Truth over validation.
Why we built Blocksyc.
AI assistants can be surprisingly responsive to how you phrase a question. Ask one whether a restaurant will be “busy” on Saturday and you might get one assessment. Ask whether it'll be “too packed” and you can get a different one, even though it's the same restaurant on the same day. When this happens, the model is responding to the loaded word in your prompt, not the question underneath. It isn't lying. It's reading what you want to hear and giving it back to you.
This is sycophancy: when a model leans toward telling you what you want to hear. It's a known issue, studied openly by Anthropic, OpenAI, and other labs. In April 2025, a major model update was even rolled back because users said it had started to feel manipulative.
Why it matters
Sycophancy isn't just annoying. It can quietly skew the work AI is actually good at. A model that mirrors your framing is less likely to flag the assumption you're missing when you're trying to make a decision. Asking “is my idea any good?” tends to get warmer feedback than asking “what could go wrong with my idea?”, even though the underlying question is the same. Loaded prompts can produce slanted research summaries. Asking a model “what do you think of this code?” often yields softer feedback than asking it to “find the issues.”
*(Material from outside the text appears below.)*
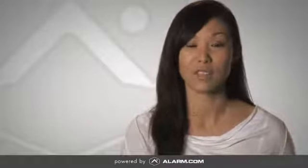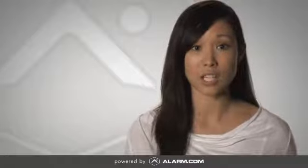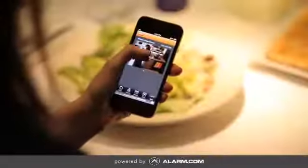Additionally, get on-demand access to your property via the peek-in feature, which allows you to request snapshots from the system at any time. Request an image from the kitchen while the babysitter is at the house so you know everyone is safe at home.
The cost usually isn't a wrong answer. It's a confidently delivered answer that's been shaped by what you implied you wanted, which is harder to catch than a flat error. Over time, that can shape which questions we trust AI to answer at all.
What Blocksyc does
Blocksyc routes your prompts through a system layer designed to reduce sycophancy in the underlying models. The layer asks the model to strip emotional framing before answering, lead with conclusions instead of burying them, push back when a premise is wrong, and skip the unsolicited validation (no “great question!”).
A separate evaluator runs alongside every response and rates how sycophantic the answer would have been without the filter. A shield badge surfaces the result on each reply. Click it to see the original response and a detailed score breakdown, so you can decide whether the difference matters for your use.
Limitations
No system can guarantee a perfectly honest model. Blocksyc's layer is designed to reduce sycophancy, not to eliminate it. The evaluator gives you a comparison and a rating, not a verdict. We refine the system layer and the rubric as we learn what they catch and what they miss. The goal is to surface a failure mode that's normally invisible and let you decide when it matters.
Sources
- Anthropic, Towards Understanding Sycophancy in Language Models (2023).
- OpenAI, Sycophancy in GPT-4o: what happened and what we're doing about it (April 2025).